◆ EXERCISE ◆
Write out again, unchanged, the line that has "Logo Design by" and each following line through the end of the entries below; leave pictures out.

◆ PROVIDED INFORMATION ◆
* * * * * * *

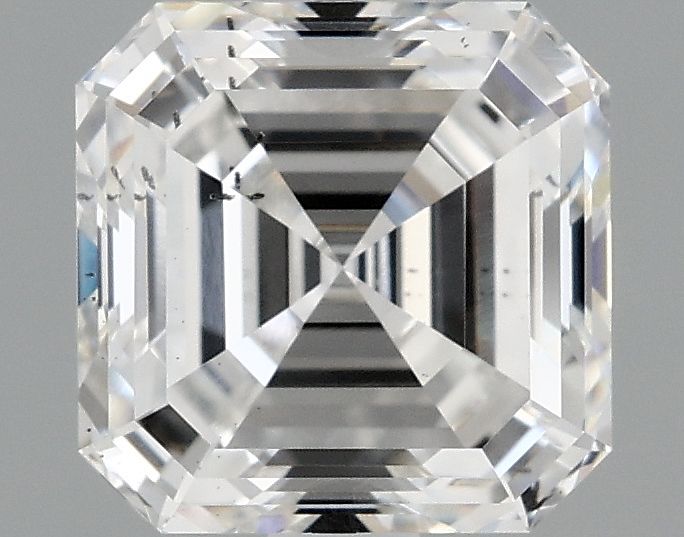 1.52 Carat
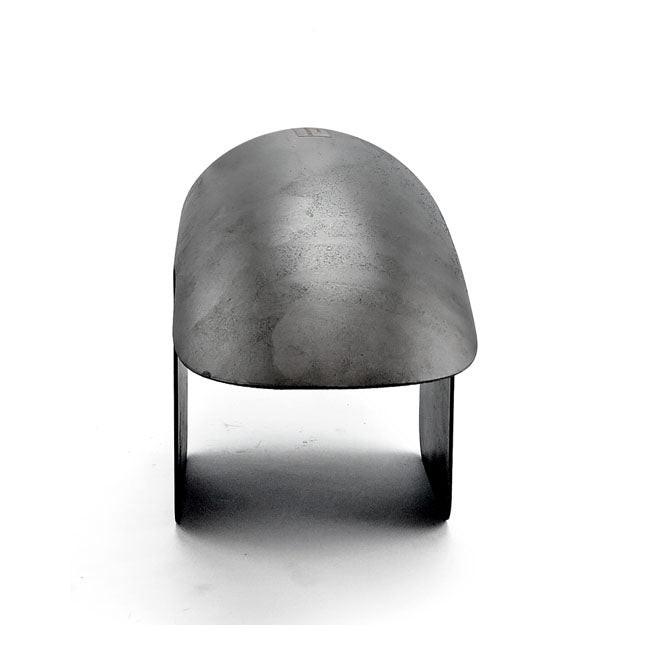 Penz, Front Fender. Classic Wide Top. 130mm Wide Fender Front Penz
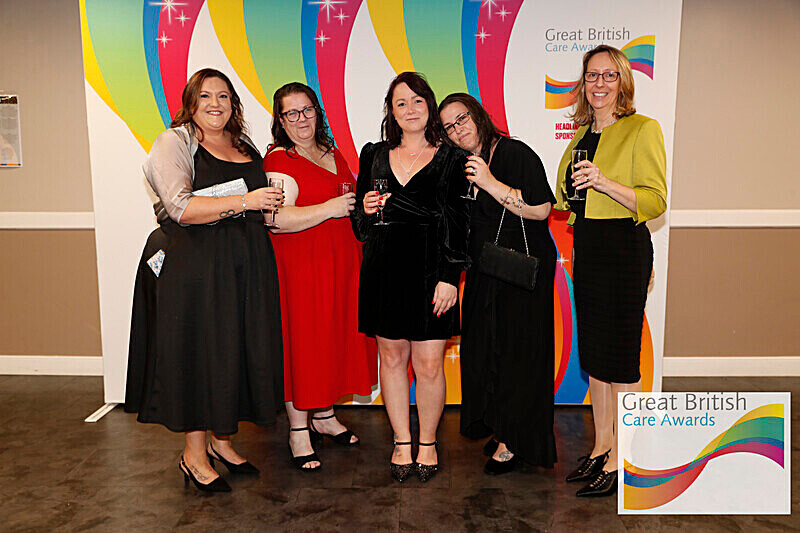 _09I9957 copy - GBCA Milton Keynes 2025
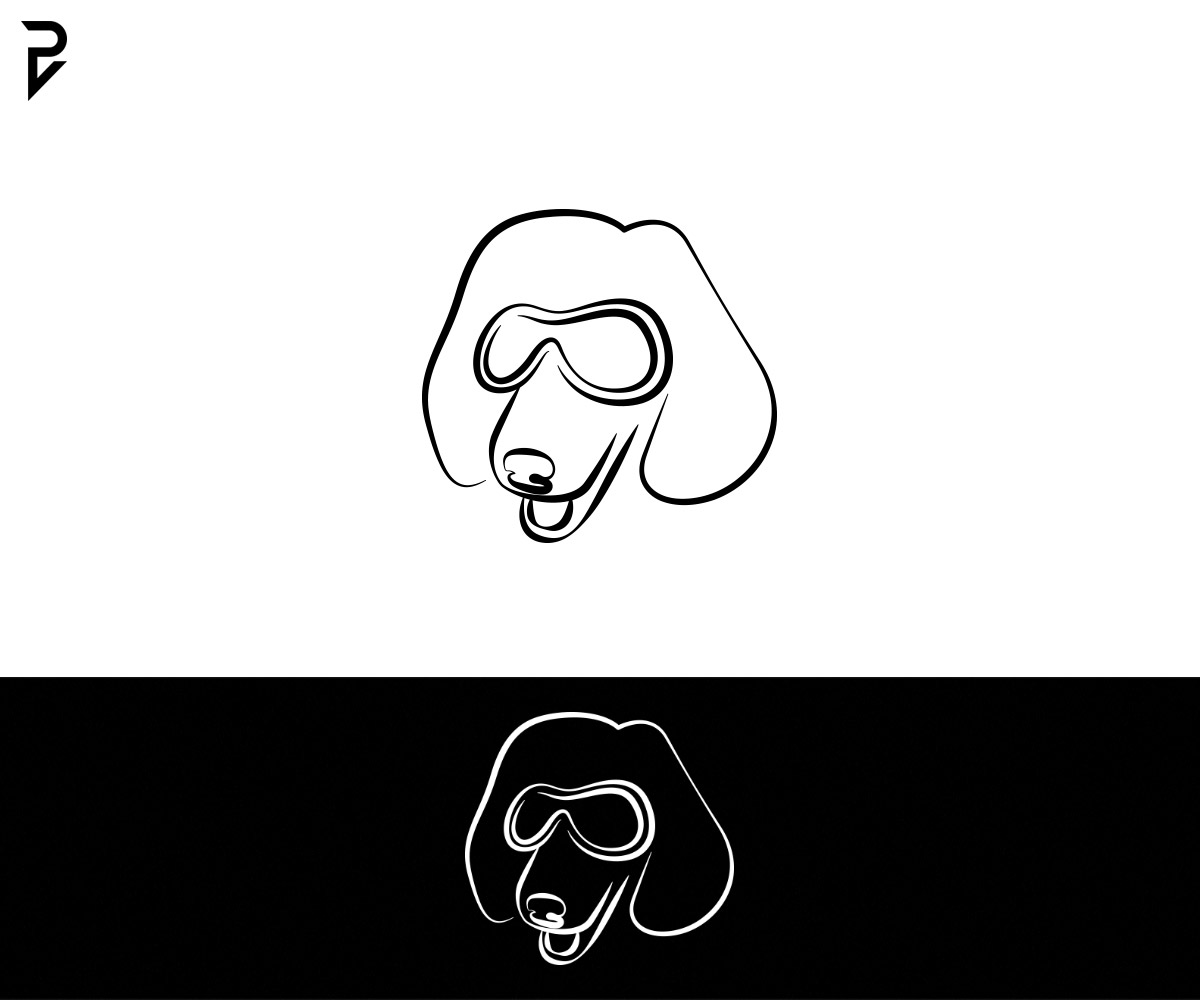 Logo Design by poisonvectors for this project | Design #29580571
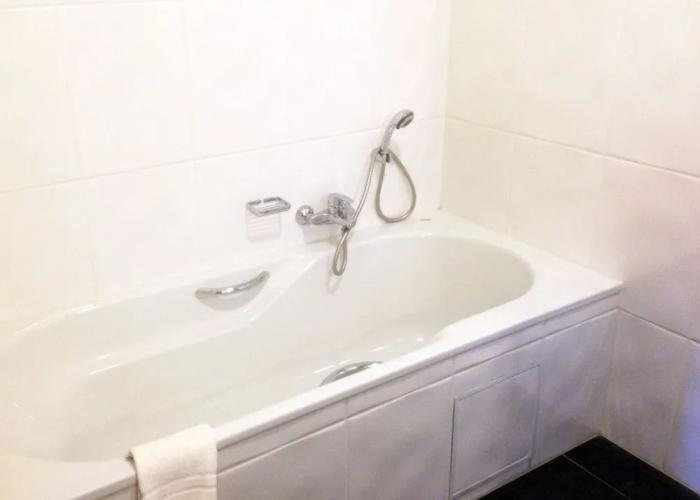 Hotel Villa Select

* * * * * * *

◆ OUTPUT ◆
 Logo Design by poisonvectors for this project | Design #29580571
 Hotel Villa Select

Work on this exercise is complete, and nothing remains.